G’day! Today I’ve got a particularly frothy creation to share with you. The pattern is Vogue 8789, a vintage reprint. Vogues are expensive in Australia, but V8789 is one of those patterns where both variations are so lovely and unique, that it seems better value for money than shelling out the same amount for one basic design. I sewed variation A, which has a bias-cut bodice and v-neckline.
I am an avid op-shopper, and am always thrilled at the possibility of picking up some vintage sheets for a song. This sheet was from a haul I bought several months back, and I’d been keeping it for someone else – why should I waste such lovely fabric on myself when I’ll only wear it around the house? I finally decided I deserved nice things too, and resolved to make myself a full 50s dress from it. V8789 was the perfect choice, as I could utilise the striped floral design in the fabric to make an interesting chevron at centre front.
As is often the case when sewing with vintage sheets, there were some hiccups in the process, but I see them as creative challenges more than problems. The sheet was, I believe, a vintage-style fitted sheet: it had no elastic, but flaps extended from each side, I assume to tuck under a bed. Combined with several noticeable stains (I usually DGAF about stains and misprints in my fabric, but these were quite prominent), this made cutting a challenge.
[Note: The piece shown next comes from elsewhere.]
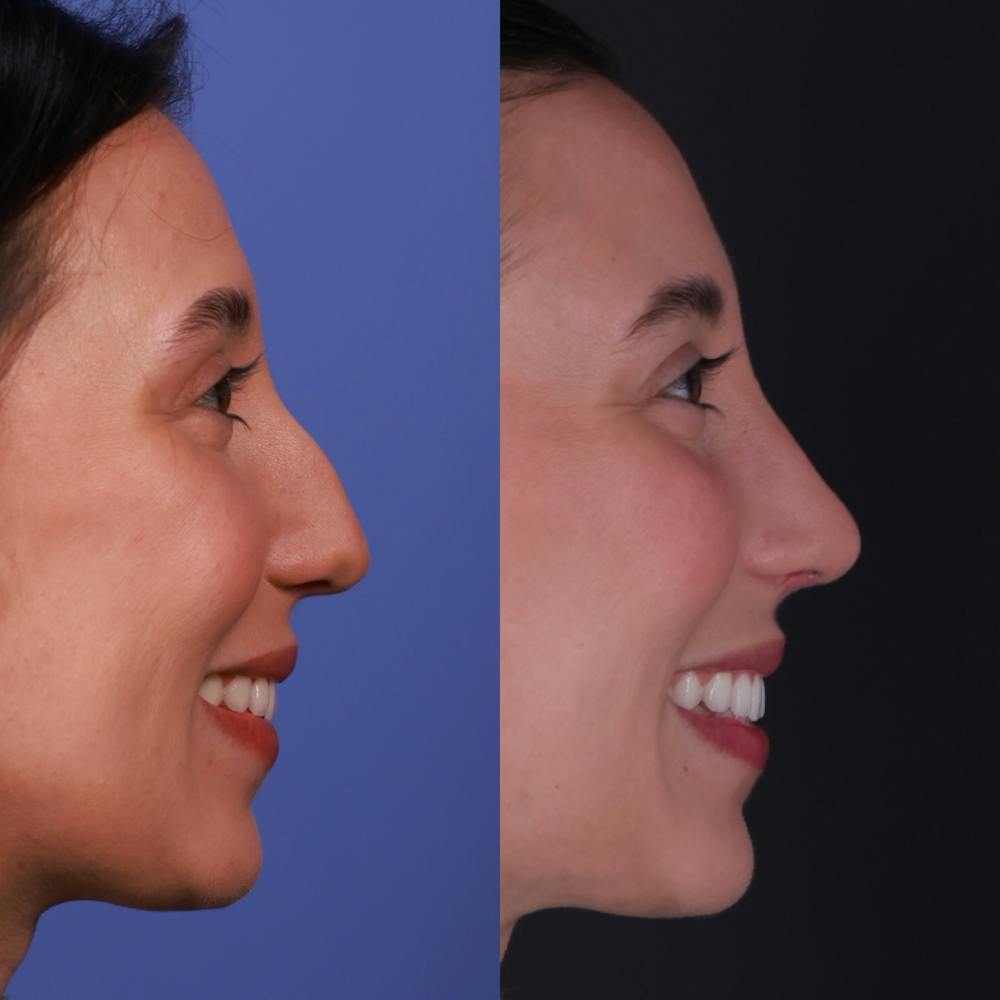 Rhinoplasty Before & After Gallery - Patient 135580 - Image 2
As a result, my skirt is much less full than the pattern dictates, and even narrower than the standard width I use for my gathered skirts (100cm each side, this was 87.5cm). The pattern actually calls for four gathered rectangles to form the skirt, each 88cm wide. On my body at least, this would create unnecessary bulk and make gathering and sewing all that fabric quite difficult. I still would have liked a more full skirt, if not quite as full as the pattern dictates, but I’m willing to accept my narrower skirt as a trade off for this fantastic print.
As per usual, my skirt has inseam pockets, and as I liked the length, it is hemmed with a bias facing (thank you, AliExpress, for the cheapest bias tape there ever was). I made several fitting changes to the bodice, and even muslined twice – shock! horror!. My first muslin was a size 16 in the bust, 18 in the waist. I was wary of the large amount of ease allowed for the bust, but the ease was so comparatively little in the waist that I felt I should favour a looser fit.
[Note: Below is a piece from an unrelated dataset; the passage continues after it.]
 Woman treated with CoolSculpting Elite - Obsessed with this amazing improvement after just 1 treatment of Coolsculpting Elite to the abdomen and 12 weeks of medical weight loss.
This was a mistake – my first muslin hung off me, and even a friend who doesn’t sew garments commented that it looked huge when she saw it lying on my sewing table. I recut a size 14 bust, 16 waist, with an extra 1cm added to each side seam at the waist. As usual, I made a 1/2″ forward head adjustment, and also let out the front waist darts 1.3cm for more belly room. The original waist dart intake was so large, I also wanted to minimise the likelihood of a pointy nipple dart forming.
My biggest change to muslin #2 was a style alteration: despite my first muslin being too big, I could tell that it would still be a very wide and deep neckline. I really dislike the feeling of necklines slipping off my shoulders, and am extremely prone to sunburn on my back neck and shoulders. Living in a country where the rate of skin cancer is 2 in 3, and being a pale person whose grandmother is constantly having skin cancers cut off, I always err on the side of caution when protecting myself from the sun.
So I raised the neckline by performing the immensely complex task of drawing a line parallel to the neck fold line, 3.5cm up (for a 2.9cm raise and 6mm seam allowance). I really like the vintage vibe this gives the dress, and muslin 2 fit perfectly.
This meant changing the bodice construction. The pattern has a cut-on neck facing, that is simply turned under, with separate arm facings, but I decided to fully line the bodice. I used my cheater’s lining method, whereby I attach the lining to the neckline and armholes like an all-in-one facing, sewing the side seams first before finishing the underarm area to establish seam dominance. I sew and understitch the neckline before moving on to the armholes, so I can understitch all the way around easily. The underarms are more difficult to understitch fully, and I always get a little kick* out of being able to understitch all the way around, like I did in this project.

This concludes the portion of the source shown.